= Marian Clită =

Marian Clită (born September 1951 in Slobozia) is a Romanian convicted of first degree murder.

==Conviction for murder of dissident Gheorghe Ursu==
In the late 1990s, Gheorghe Ursu's cellmate Marian Clită had declared his full responsibility for the murder of the dissident, and had been sentenced to 20 years in prison (eventually commuted to eight years, of which he served two).

In July 2003, former police colonels Tudor Stănică and Mihail Creangă were sentenced to 12 years imprisonment each for having instigated the murder of Gheorghe Ursu. The two were found guilty of deliberately assigning Ursu to a cell where two recidivist and violent common criminals were serving time, and of having prevented their subordinates from intervening when the prisoner was being beaten.

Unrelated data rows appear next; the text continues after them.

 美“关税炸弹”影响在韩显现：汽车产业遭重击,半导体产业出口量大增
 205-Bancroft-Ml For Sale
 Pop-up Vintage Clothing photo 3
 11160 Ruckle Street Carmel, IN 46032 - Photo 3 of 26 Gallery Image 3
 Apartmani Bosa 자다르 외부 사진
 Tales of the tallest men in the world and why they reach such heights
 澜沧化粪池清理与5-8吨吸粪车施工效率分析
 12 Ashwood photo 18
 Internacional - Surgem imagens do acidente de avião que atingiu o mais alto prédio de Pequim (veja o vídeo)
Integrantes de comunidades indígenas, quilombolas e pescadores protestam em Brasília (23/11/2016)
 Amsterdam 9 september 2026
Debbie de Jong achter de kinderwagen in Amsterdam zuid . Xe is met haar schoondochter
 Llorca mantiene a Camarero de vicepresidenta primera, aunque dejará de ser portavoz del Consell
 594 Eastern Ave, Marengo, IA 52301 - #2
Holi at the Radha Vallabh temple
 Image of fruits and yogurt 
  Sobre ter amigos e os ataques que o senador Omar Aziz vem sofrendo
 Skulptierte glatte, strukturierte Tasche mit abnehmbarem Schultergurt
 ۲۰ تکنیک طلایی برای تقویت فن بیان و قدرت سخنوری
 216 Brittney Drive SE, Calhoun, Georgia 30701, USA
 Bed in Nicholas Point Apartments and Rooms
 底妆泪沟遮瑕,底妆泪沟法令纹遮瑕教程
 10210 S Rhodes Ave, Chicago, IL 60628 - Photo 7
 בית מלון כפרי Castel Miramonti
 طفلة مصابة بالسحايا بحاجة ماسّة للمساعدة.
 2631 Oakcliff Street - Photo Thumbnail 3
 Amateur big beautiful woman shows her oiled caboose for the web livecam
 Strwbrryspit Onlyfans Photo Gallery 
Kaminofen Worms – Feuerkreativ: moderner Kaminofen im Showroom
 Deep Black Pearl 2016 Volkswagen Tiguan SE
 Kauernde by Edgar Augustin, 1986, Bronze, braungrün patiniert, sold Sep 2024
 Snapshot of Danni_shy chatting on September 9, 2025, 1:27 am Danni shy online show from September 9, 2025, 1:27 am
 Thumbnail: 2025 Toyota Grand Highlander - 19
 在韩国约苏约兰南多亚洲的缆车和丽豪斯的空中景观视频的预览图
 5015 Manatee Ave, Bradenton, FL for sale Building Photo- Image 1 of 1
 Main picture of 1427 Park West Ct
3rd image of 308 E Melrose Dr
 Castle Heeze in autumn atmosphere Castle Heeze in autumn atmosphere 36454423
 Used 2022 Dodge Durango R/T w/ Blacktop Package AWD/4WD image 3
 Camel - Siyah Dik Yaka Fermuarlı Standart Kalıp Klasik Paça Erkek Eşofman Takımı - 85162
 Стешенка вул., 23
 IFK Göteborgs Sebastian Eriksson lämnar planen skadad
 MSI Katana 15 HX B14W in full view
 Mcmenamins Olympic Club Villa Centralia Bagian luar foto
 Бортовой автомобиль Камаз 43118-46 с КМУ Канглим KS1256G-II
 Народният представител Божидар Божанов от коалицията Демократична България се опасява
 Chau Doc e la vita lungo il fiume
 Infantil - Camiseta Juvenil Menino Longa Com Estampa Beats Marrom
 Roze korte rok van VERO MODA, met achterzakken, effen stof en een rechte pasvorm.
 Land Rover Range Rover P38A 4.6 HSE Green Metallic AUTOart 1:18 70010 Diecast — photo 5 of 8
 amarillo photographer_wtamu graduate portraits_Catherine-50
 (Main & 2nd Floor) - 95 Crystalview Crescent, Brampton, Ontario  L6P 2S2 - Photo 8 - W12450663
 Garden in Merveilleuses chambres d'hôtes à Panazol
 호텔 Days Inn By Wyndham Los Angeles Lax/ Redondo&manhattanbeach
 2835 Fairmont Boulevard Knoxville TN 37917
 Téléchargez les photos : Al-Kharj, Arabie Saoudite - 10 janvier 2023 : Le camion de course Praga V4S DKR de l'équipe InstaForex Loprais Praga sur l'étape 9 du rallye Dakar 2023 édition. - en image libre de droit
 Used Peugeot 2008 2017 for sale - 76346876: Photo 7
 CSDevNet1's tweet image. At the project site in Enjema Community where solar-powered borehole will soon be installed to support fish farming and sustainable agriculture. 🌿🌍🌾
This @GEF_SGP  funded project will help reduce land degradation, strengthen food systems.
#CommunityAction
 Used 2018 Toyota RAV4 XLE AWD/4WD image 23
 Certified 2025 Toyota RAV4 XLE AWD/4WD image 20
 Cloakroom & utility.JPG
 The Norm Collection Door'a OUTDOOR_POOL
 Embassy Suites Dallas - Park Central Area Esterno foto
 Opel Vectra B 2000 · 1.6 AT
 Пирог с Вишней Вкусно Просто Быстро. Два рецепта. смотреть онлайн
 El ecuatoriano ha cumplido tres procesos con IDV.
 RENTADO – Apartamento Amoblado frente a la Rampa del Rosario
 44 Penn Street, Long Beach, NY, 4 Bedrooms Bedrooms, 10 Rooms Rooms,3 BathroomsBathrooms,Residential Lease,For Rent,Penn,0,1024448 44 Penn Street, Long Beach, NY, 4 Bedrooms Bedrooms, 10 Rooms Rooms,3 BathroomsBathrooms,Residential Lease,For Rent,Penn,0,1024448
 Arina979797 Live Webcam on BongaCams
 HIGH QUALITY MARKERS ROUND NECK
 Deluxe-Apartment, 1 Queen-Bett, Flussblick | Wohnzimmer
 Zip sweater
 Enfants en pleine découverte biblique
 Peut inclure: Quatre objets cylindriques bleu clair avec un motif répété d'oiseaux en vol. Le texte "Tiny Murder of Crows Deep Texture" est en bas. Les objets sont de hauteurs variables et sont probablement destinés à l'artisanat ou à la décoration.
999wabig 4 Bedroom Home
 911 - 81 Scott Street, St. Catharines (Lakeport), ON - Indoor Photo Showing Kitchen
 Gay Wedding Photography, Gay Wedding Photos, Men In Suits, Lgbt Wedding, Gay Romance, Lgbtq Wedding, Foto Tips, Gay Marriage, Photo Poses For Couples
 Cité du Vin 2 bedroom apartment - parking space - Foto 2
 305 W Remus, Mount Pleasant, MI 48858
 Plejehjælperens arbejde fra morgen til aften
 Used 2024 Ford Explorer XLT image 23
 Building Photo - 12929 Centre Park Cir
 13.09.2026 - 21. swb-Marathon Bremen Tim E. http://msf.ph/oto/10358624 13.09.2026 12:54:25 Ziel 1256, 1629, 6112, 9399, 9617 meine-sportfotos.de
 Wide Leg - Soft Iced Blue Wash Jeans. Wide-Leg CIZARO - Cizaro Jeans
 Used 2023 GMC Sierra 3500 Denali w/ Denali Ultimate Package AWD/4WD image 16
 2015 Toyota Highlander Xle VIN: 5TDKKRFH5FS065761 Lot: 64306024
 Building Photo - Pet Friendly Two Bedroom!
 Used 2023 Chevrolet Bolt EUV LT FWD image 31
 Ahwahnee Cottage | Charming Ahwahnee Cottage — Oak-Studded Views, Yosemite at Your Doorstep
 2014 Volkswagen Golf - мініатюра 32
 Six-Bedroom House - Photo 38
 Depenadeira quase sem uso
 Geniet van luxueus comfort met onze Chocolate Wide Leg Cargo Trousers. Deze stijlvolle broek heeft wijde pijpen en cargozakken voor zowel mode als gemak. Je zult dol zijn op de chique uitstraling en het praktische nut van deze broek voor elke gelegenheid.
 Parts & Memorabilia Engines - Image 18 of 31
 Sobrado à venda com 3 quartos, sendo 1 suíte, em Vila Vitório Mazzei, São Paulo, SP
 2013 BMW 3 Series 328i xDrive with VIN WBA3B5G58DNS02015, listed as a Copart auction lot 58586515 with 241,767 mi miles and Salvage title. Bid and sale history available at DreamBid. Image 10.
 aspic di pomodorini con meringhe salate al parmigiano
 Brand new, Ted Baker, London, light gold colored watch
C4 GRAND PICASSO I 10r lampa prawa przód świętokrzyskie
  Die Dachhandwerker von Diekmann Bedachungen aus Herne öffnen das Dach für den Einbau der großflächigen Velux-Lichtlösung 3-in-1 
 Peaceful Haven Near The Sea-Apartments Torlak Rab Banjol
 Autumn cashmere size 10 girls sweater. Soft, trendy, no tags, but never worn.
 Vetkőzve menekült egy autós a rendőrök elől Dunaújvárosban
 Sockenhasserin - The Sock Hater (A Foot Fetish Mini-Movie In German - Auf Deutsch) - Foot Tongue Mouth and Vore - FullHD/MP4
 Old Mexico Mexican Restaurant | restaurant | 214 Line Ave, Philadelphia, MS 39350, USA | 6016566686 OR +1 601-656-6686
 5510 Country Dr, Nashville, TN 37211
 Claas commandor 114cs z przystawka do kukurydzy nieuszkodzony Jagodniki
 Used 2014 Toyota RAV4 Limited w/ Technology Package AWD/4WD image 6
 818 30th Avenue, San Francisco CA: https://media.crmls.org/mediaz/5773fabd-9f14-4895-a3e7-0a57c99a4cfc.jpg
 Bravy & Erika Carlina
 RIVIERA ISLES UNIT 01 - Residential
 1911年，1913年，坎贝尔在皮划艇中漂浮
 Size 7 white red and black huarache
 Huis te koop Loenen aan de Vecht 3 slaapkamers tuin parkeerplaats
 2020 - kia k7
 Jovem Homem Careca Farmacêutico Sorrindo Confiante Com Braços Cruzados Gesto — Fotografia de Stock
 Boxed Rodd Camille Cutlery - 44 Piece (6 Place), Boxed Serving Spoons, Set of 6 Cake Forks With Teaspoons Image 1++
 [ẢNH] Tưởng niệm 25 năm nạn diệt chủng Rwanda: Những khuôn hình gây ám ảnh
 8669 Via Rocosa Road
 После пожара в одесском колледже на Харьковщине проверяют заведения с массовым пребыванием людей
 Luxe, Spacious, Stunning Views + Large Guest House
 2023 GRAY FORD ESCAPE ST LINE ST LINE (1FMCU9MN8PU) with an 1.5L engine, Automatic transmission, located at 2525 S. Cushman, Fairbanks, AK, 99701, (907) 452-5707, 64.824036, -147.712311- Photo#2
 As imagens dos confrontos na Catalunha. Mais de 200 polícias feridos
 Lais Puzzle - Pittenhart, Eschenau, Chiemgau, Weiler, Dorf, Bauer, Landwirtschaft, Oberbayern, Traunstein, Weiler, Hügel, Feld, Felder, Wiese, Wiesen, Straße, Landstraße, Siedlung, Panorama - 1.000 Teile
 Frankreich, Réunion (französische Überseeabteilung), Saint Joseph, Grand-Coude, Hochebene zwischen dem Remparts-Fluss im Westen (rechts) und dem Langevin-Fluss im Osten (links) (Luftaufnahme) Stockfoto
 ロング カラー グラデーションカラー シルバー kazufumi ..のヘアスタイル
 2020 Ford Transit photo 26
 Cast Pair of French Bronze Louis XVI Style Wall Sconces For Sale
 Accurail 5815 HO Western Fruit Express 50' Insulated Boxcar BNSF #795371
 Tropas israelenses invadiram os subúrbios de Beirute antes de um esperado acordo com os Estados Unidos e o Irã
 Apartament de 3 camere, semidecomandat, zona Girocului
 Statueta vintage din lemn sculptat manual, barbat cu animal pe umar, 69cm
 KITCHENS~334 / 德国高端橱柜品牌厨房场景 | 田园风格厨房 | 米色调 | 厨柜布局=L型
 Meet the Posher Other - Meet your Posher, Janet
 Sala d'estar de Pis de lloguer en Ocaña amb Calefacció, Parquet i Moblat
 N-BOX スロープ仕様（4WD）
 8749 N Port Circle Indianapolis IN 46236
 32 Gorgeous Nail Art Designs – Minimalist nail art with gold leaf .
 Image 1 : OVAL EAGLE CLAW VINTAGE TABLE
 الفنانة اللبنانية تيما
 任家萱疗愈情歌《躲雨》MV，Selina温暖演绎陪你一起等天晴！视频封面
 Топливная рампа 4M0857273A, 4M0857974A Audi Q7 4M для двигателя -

Clită's move was seen by the author Stejărel Olaru as an attempt to cover up for the officials later sentenced. Stănică and Creangă went into hiding for several months, and turned themselves in only after the Supreme Court reduced their sentences by one year. Their temporary flight and the Supreme Court's decision caused some consternation abroad: in September 2003, Finnish MEP Astrid Thors asked foreign embassies in Bucharest to closely monitor the case.

==Murder of Vera Vildmyren==
In February 2011, Clită was convicted of first degree murder of the Norwegian stewardess Vera Vildmyren in a hotel in Denmark. The case drew some international interest after a local police officer commented on the case: "Romanians have no scruples. They will kill you for 100 krones".